JD.Com [HKG: 9618] closed 6 percent higher at HKD94.55 (USD12.09) a share in Hong Kong today, after earlier surging by as much as 9.7 percent. In New York yesterday, its stock [NASDAQ: JD] soared 16.2 percent to USD24.91.
Net profit was CNY24.2 billion (USD3.4 billion) in the 12 months ended Dec. 31, the Beijing-based firm said in an earnings report released yesterday. Revenue rose 3.7 percent to CNY1.09 trillion (USD151.4 billion) from a year earlier, after climbing 9.9 percent in 2022. Based on non-generally accepted accounting principles, net profit jumped 25 percent to CNY35.2 billion last year.
JD began a CNY10 billion (USD1.5 billion) subsidy campaign early in 2023 to compete with group-buying platform Pinduoduo, China’s e-commerce market leader for low-priced goods, and moved into livestream e-commerce, Douyin’s domain. In December, founder and Chairman Richard Liu said JD was bloated and inefficient and accepted responsibility for its failings. Urging staff not to “lie flat,” or give up working hard, he vowed change.

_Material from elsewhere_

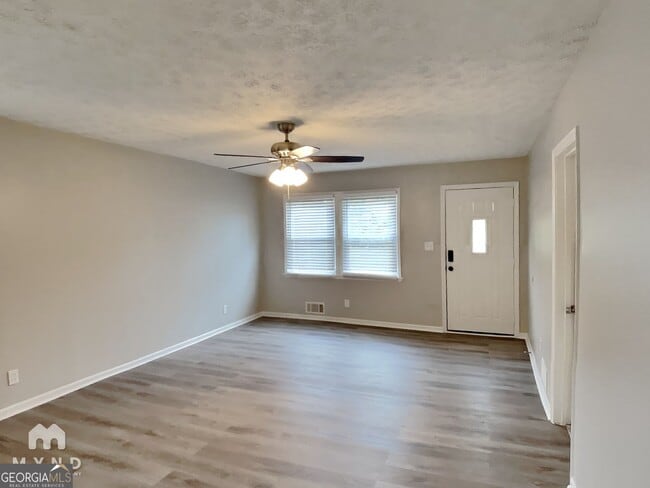 Building Photo - 3821 Rex Mill Square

“JD's proactive actions have begun to produce results as our decisive focus on user experience, price competitiveness, and platform ecosystem drives deeper and more frequent user engagement and healthier user growth momentum,” Chief Executive Sandy Xu said in a press release to accompany the earnings.
JD upgraded its subsidy support for vendors in the third quarter with 20 new initiatives, Yicai learned. The number of third-party merchants on the platform surged 188 percent to nearly one million at the end of 2023 from a year earlier, while the number of stock-keeping units almost doubled from the start of the year.

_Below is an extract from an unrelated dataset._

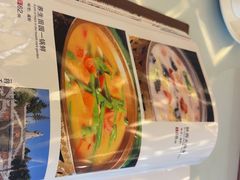 -玉华宫宾馆·餐厅(铜川驻京办店)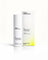 Gema Herrerías 5 Azelaic – S Cristina Mitre Exfoliačný krém 150 ml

JD’s marketing expenses rose 6.3 percent to CNY40.1 billion, while general and administrative costs fell 12.2 percent to CNY9.7 billion (USD1.4 billion), mainly due to a reduction in equity incentive expenses.
Though consumers have tightened their belts, JD noted the recovery trend in China’s economy and consumption amid government policy support.

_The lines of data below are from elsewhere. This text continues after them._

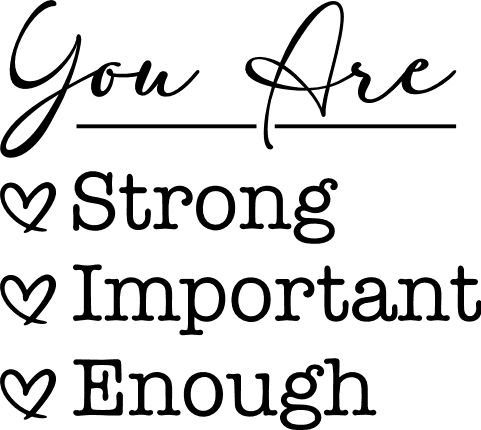1000006685_1750093834.png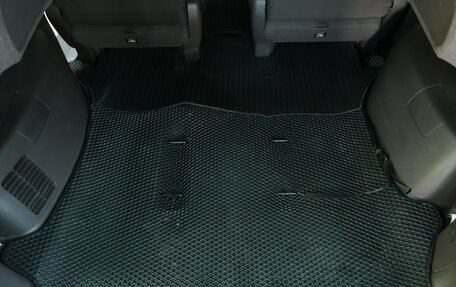 Honda Freed II, 2019 год, 1 699 000 рублей, 21 фотография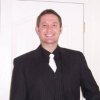 Jason Dickerson Photo 1
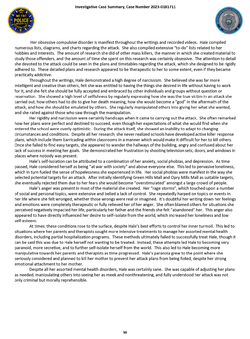 Covenant_Final_Summary_page36.webp
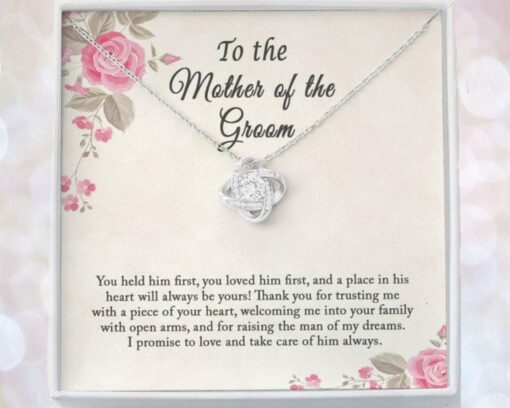 to-my-mother-in-law-on-my-wedding-day-necklace-mother-of-the-groom-gift-from-bride-Me-1627458846.jpg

“With the expected effects of the micro stimulus plans and consumption promotion policies, we believe the momentum of consumption recovery and expansion will be further consolidated or strengthened,” Xu said on the firm’s earnings conference call. “We maintain the confidence to outperform the overall broader market.”
JD.Com also said yesterday that it will repurchase as much as USD3 billion of its own stock, including American depository shares, over the next 36 months. Buybacks are generally aimed at buoying a firm's stock price by removing some of its shares from the market. JD’s shares have fallen over 46 percent in the past 12 months.
In an annual earnings report also published yesterday, JD Logistics, the online retailer’s courier arm, said it had turned a profit of CNY1.2 billion in 2023, after losing CNY1.1 billion the year before. Revenue jumped 21 percent to CNY166.6 billion (USD23.1 billion).
Adjusted net profit surged 219 percent to CNY2.8 billion, JD Logistics noted. External customer revenue rose 31 percent to CNY116.6 billion, accounting for 70 percent of the firm's total.